【代码随想录Day24】回溯算法Part03

93.复原IP地址

题目链接/文章讲解：代码随想录
视频讲解：回溯算法如何分割字符串并判断是合法IP？| LeetCode：93.复原IP地址_哔哩哔哩_bilibili

class Solution {
    List<String> result = new ArrayList<>();
    LinkedList<String> path = new LinkedList<>();

    public List<String> restoreIpAddresses(String s) {
        if (s.length() > 12 || s.length() < 4) {
            return result; // IP 地址长度不合法
        }
        backtracing(s, 0);
        return result;
    }

    public void backtracing(String s, int startIndex) {
        if (path.size() == 4 && startIndex == s.length()) {
            // 如果已经分割成 4 段并且已经遍历完字符串，则添加到结果中
            result.add(String.join(".", path));
            return;
        }

        for (int i = startIndex; i < s.length(); i++) {
            if (i - startIndex >= 3) {
                break; // 每个段最多 3 个字符
            }
            String segment = s.substring(startIndex, i + 1);
            if (isValid(segment)) {
                path.add(segment);
                backtracing(s, i + 1);
                path.removeLast(); // 回溯
            }
        }
    }

    public boolean isValid(String s) {
        if (s.length() == 0 || s.length() > 3) {
            return false;
        }
        if (s.charAt(0) == '0' && s.length() > 1) {
            return false; // 不能有前导零
        }
        int num = Integer.parseInt(s);
        return num >= 0 && num <= 255;
    }
}

78.子集

题目链接/文章讲解：代码随想录
视频讲解：回溯算法解决子集问题，树上节点都是目标集和！ | LeetCode：78.子集_哔哩哔哩_bilibili

class Solution {
    List<List<Integer>> result = new ArrayList<>();
    LinkedList<Integer> path = new LinkedList<>();

    public List<List<Integer>> subsets(int[] nums) {
        Arrays.sort(nums);
        backtracing(nums, 0);
        return result;
    }

    public void backtracing(int[] nums, int startIndex) {
        result.add(new ArrayList(path));
        for (int i = startIndex; i < nums.length; i++) {
            if (i > startIndex && nums[i] == nums[i - 1]) {
                continue;
            }
            path.add(nums[i]);
            backtracing(nums, i + 1);
            path.removeLast();
        }
    }
}

90.子集II

题目链接/文章讲解：代码随想录
视频讲解：回溯算法解决子集问题，如何去重？
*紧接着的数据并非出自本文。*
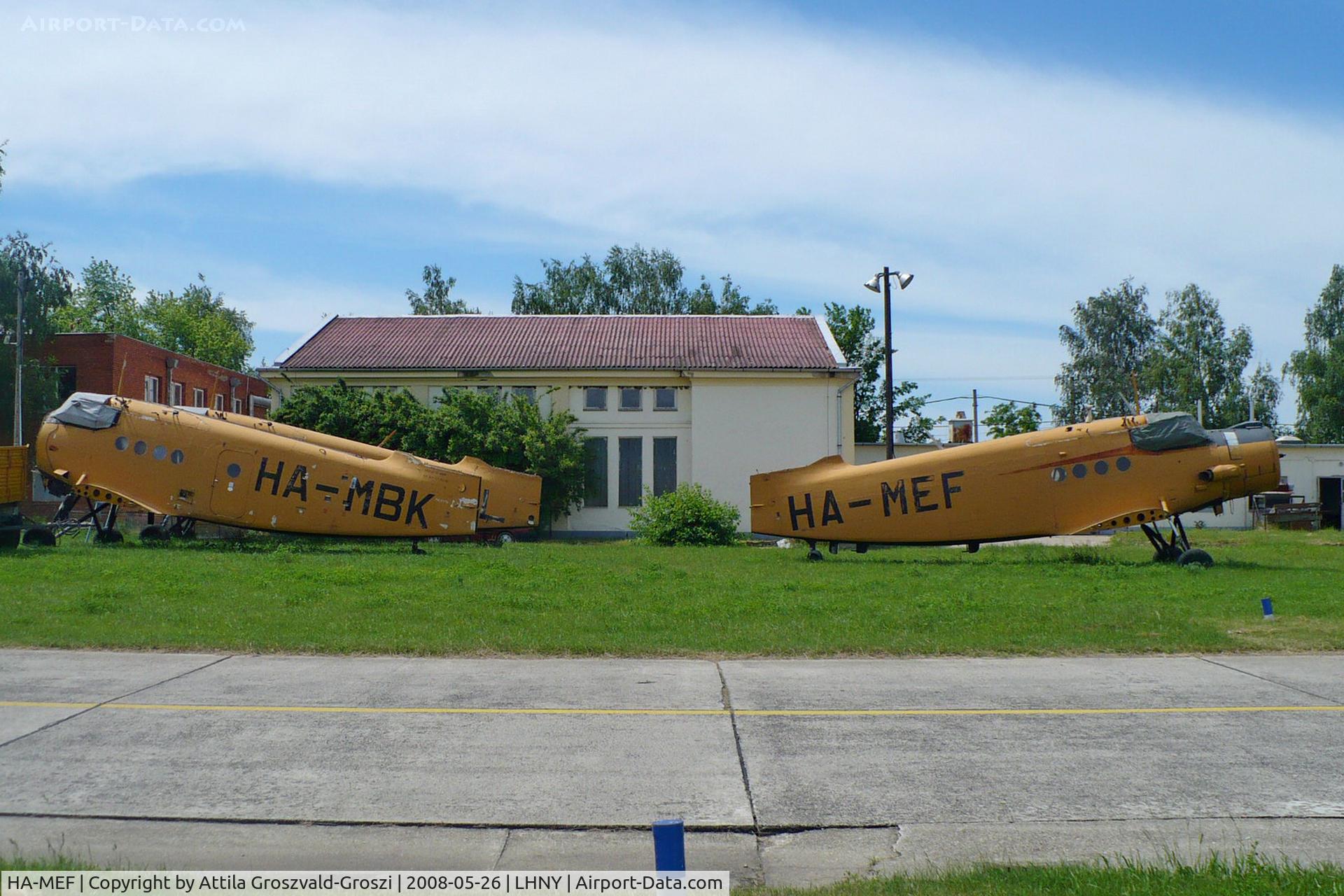 HA-MEF, 1980 PZL-Mielec An-2R C/N 1G187-30, LHNY - Nyíregyháza Airport, Hungary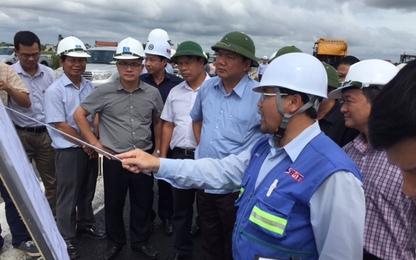Bộ trưởng Đinh La Thăng thúc tiến độ cao tốc Hà Nội-Hải Phòng
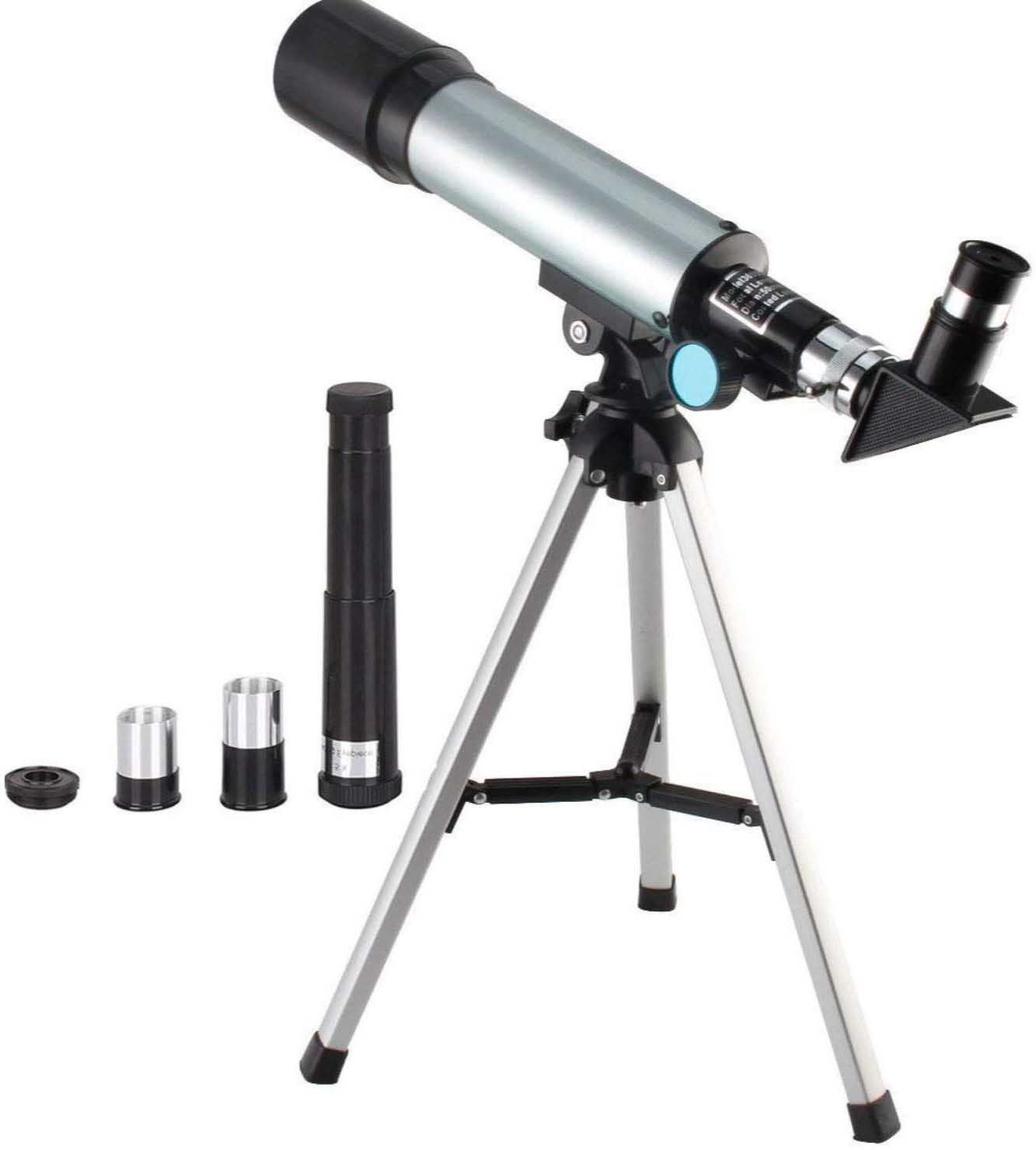 FosCadit 90X Advance Land & Sky Monocular Refractor Telescope Kit with Tripod Optical Glass Lens and Metal Tube Reflecting Telescope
| LeetCode：90.子集II_哔哩哔哩_bilibili

class Solution {
    List<List<Integer>> result = new ArrayList<>();
    LinkedList<Integer> path = new LinkedList<>();

    public List<List<Integer>> subsetsWithDup(int[] nums) {
        Arrays.sort(nums);
        backtracing(nums, 0);
        return result;
    }

    public void backtracing(int[] nums, int startIndex) {
        result.add(new ArrayList(path));
        for (int i = startIndex; i < nums.length; i++) {
            if (i > startIndex && nums[i] == nums[i - 1]) {
                continue;
            }
            path.add(nums[i]);
            backtracing(nums, i + 1);
            path.removeLast();
        }
    }
}